The most important rule with this business is that it needs to be believable. Like John Titor's story. It had just enough of action in it for the people to go nuts.
 
You should be writing the story to please yourself first. So if that's a slow-burn saga, or something more fast paced and action packed, as long as it scratches your own itch concerning what stories you enjoy that's all that matters. Worry about the market/potential audience when its done.
 
It seems much easier to lose a reader long before they get to the heart of the story if you chose the slow-burn route. Remember, we're living in a world of tweets and ten-second commercials. Keeping a reader's attention is much harder these days than it was even thirty years ago. Get the reader "hooked", and then give details.

Just one POV.
 
I wouldn't totally rule out the slow burn; depending how you define and use that slow burn.
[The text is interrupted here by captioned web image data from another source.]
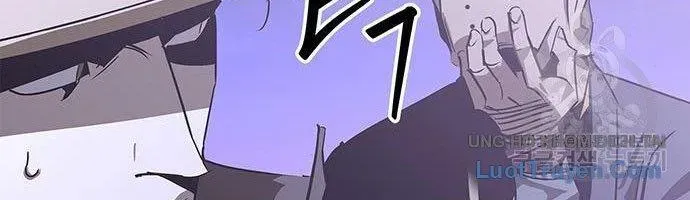 Võ Học Miền Viễn Tây Chapter 42 - 87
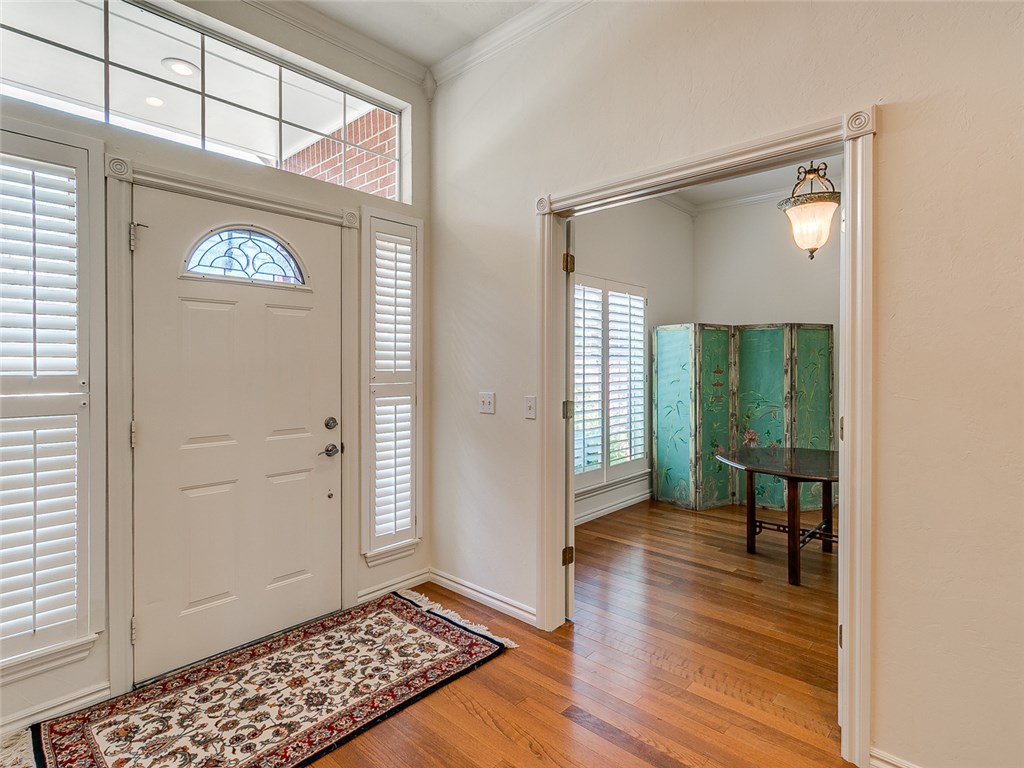 2913 Windmill, Norman, OK 73072 photo 4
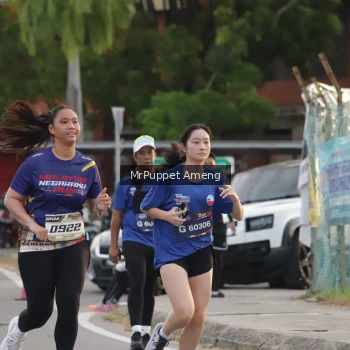 Runner Photo 3889840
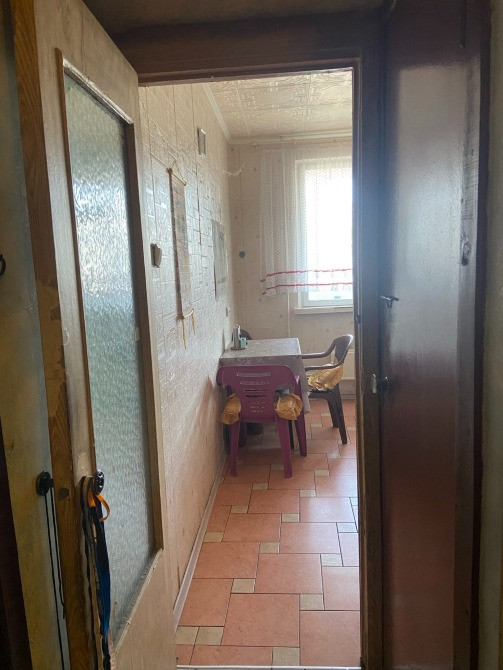 3-к, 92-ї бригади вул., 50, Роганський ж.м. Kharkiv - photo 4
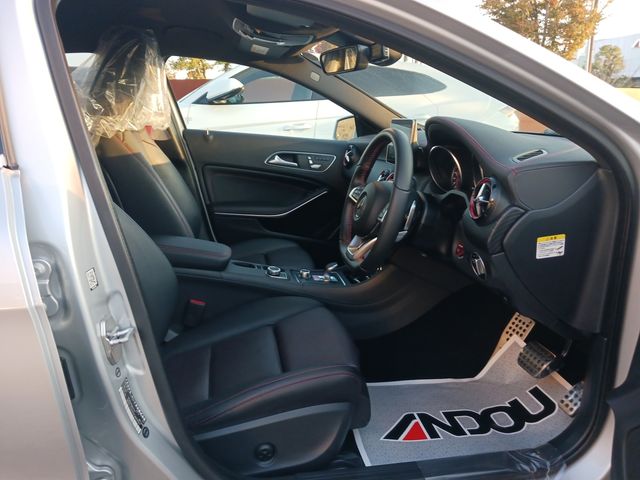 Amg A-Class 2016-03 18749-9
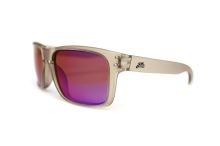 Fortis Polarizačné Okuliare Bays Blue X Bloc (1)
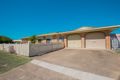 Property photo of 4 Cawte Street Avenell Heights QLD 4670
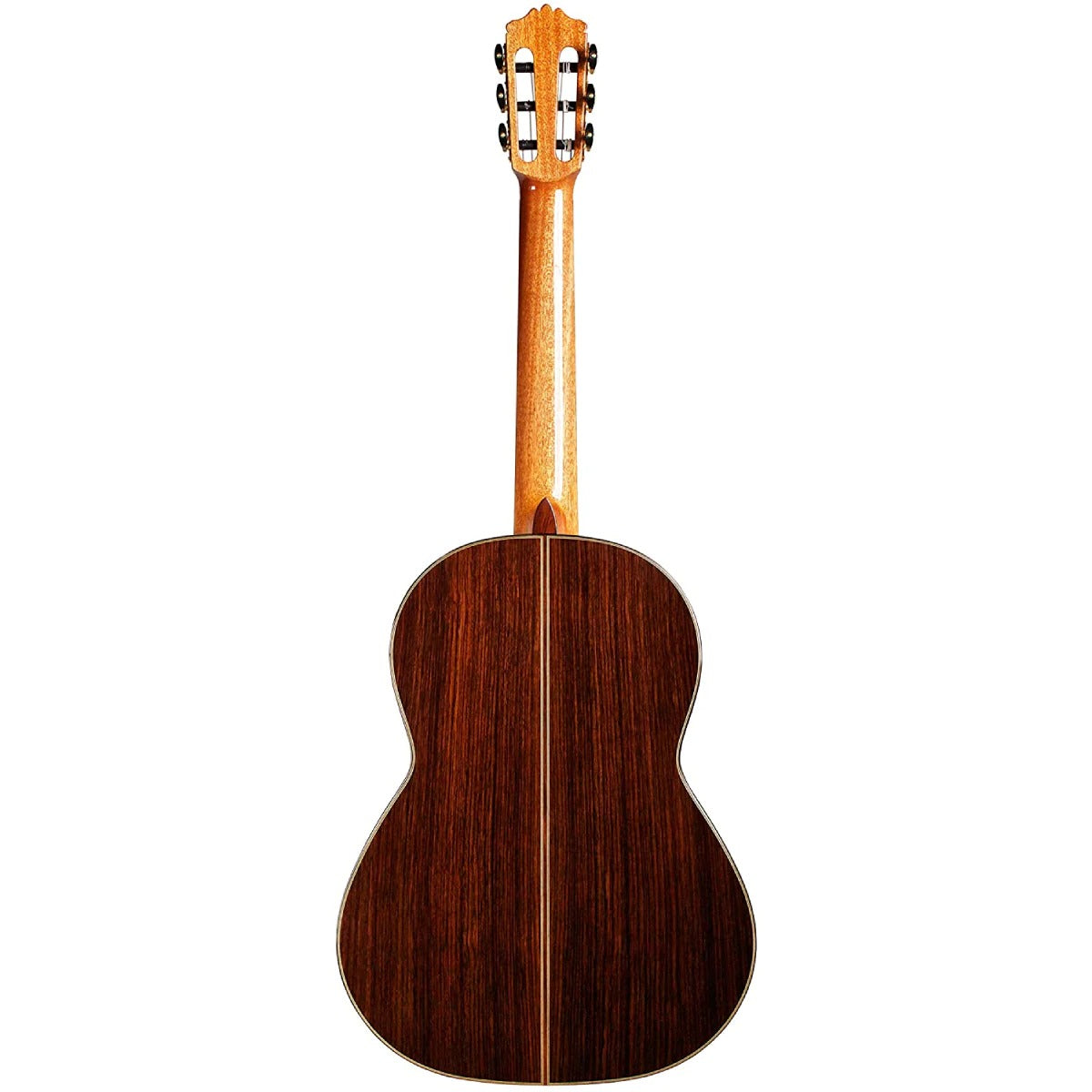 Đàn Guitar Classic Cordoba C10 CD/IN Parlor w/Bag-Mai Nguyên Music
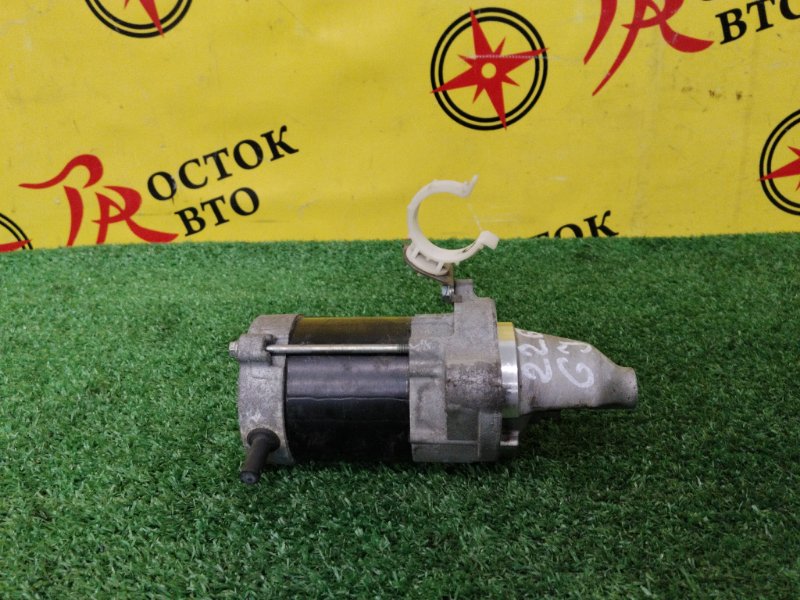 Стартер, 2000 рублей, Красноярск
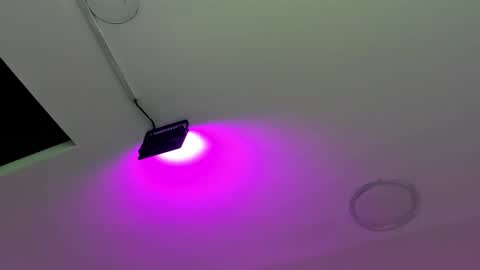 zia online show from 6, 10, 2025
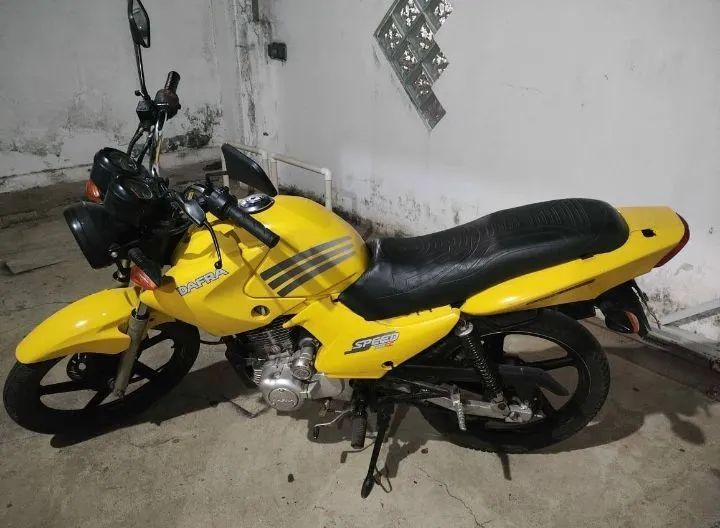 Vende-se  - Foto 3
This book Hunger by Jeremiah Knight::
Hunger (The Hunger Series Book 1) eBook: Jeremiah Knight: Amazon.co.uk: Kindle Store
:: does something that might be what the original post is eluding to.
But it does it in a way that keeps the interest of some readers [maybe not all(however if we tried to please everyone [and that's just my opinion]we wouldn't get anything finished) but we likely will get the ones we are targeting] and though I wouldn't recommend it to everyone; I might recommend it to someone trying to decide if they want to do something like this.